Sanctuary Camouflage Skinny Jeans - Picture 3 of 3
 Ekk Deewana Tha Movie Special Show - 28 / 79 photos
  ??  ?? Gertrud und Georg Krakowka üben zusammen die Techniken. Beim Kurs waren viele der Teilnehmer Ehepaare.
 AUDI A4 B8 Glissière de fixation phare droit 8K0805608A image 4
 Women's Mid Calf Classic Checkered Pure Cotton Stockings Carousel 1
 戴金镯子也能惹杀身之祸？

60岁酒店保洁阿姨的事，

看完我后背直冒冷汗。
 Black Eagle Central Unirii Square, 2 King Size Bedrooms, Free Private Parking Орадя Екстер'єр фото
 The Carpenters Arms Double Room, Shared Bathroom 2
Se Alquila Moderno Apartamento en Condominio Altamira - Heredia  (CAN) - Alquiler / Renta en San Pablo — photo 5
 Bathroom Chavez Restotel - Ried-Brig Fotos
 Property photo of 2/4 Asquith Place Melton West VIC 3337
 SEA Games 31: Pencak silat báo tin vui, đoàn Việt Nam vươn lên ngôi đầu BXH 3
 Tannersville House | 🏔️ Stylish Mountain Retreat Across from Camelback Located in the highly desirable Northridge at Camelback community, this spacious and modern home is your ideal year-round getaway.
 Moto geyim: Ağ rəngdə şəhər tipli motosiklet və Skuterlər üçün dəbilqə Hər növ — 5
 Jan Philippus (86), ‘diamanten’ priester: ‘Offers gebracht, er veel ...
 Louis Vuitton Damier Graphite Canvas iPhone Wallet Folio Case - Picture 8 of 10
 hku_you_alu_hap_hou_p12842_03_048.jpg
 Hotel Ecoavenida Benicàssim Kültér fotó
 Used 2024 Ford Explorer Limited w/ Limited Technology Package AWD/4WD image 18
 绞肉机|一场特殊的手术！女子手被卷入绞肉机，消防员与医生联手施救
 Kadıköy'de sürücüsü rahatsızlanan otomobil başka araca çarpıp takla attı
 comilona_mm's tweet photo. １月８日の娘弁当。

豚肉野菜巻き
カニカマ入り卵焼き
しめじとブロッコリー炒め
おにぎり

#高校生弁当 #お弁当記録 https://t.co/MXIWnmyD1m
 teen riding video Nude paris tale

------------------------

Lines of the listing that include the string "image" are to be counted; state that count alone.

2